When I asked (certain that the answer would be “yes”) if it could be reconstructed from the pieces in the kiln, a long pause ensued. “Perhaps...” the kind instructor said with a pause that belied the real story. Her sculpture lay in pebble size pieces at the bottom of the kiln. While reproduceable, it would never be put back together as it was.
I agonized about how to break the news to Kaija. I worked myself up into a tight ball of disappointment, fearing that Kaija would be crushed by the loss of her work. I waited until I could wait no longer to tell her what had occurred. Without missing a beat she said “O.K.” and headed back to her bedroom to play. That was it. Moments later I checked in to see if she was crying inconsolably (as I had) and she was, instead, fully engaged in creating a camera out of a box. She seemed un-phased. Completely. Truly. She had already moved on. I kept waiting for her to fall apart. I was obsessed. I couldn’t let it go. Certainly, “one of these days,” this loss would hit her and she would grieve.
That day never came.
Come to find out, Kaija had learned the real lesson of studying art...and life. I don’t know if she was created with it or if she learned it during her months in the studio but she had figured out that, while the outcome is meaningful, it is nowhere near as important as the process of creation.
In truth, she was not very happy with, or connected to, her actual self portrait sculpture. It was an “assigned project” that had served its purpose. It had, in her mind, been completed when it went into the kiln. It had given her a way of integrating into the culture of the studio. It had provided an avenue for her to engage the instructors and other students about. It offered an opportunity for her to explore the relationship between the creator and the created. The sculpture was secondary to the internal work she was doing...that of nurturing her creative self, learning to handle the frustration of not being able to give physical form to an internal image, and of asking for help in the creative process. These were the outcomes. The sculpture, to her, was just a “thing.” The really important lessons had happened deep inside of her.
There was so much for me to learn from her during those weeks. There is so much for all of us to learn from her now.
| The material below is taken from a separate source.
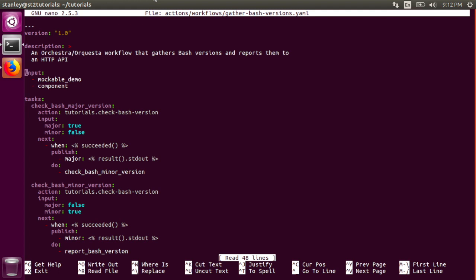The two input parameters to this workflow are mockable demo and component, as we saw in the Action metadata file from before. These parameters are published into workflow context dictionaries, which will be referenced later on.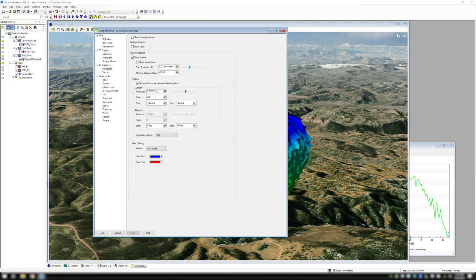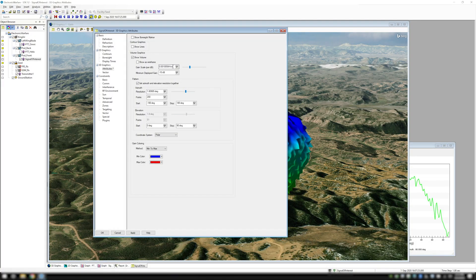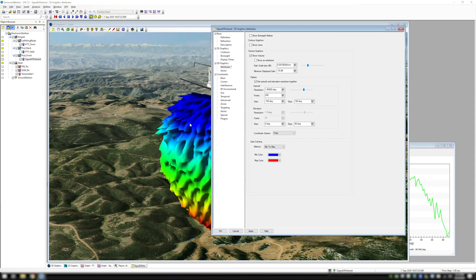Once I have this checked, it will turn on the volume. You'll be able to change the gain scale per dB — how large you want each step of gain to appear in feet or kilometers. You can also set up the number of grid resolution points that you would like to show for each azimuth and elevation step, controlling how smooth or rough this particular antenna pattern may appear. That's how you turn on your antenna volume in your 3D view here in SDK.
We, in Western culture, become so tied up with that which is measurable and seeable. We want the finished product so that we can display it, alongside of our other accomplishments and awards. What we miss in our pursuit of these is the slow, steady learning to be had in experimentation, the resilience we develop through loss and failure, and the deepest reward of internal growth. We don’t understand the freedom to be found in holding the finished product lightly in deference to the process itself. The changes to our insides are frequently much more important than those to our outsides and yet we often matter less to ourselves than we allow the opinions of others to matter. We look to “show off,” rather than internally value, our growth and development. The statue matters more than the process involved in making it.
Learning how to be part of team can be much more meaningful in the long run than being awarded the trophy for most points scored. Cultivating the ability to tolerate ones imperfections is more healthy than spending ones resources (financial, time, energy, etc) trying to force physical “perfection.” Mastering the fine art of being a peacemaker may not win external accolades but will bring with it a calmer internal world. The externals can be taken in a second. The internals cannot be taken. Ever.
Kaija’s teachers worked tirelessly to recreate her sculpture using pieces from the kiln and photos taken before firing. The reproduction weighed four times what the original sculpture had weighed and has been completely disowned by Kaija. In her mind, it is not hers. Hers was lost in the firing. Her sculpture served its purpose and didn’t ever need to come home. Oh that we might all be so faithful to what really matters, holding our treasures loosely.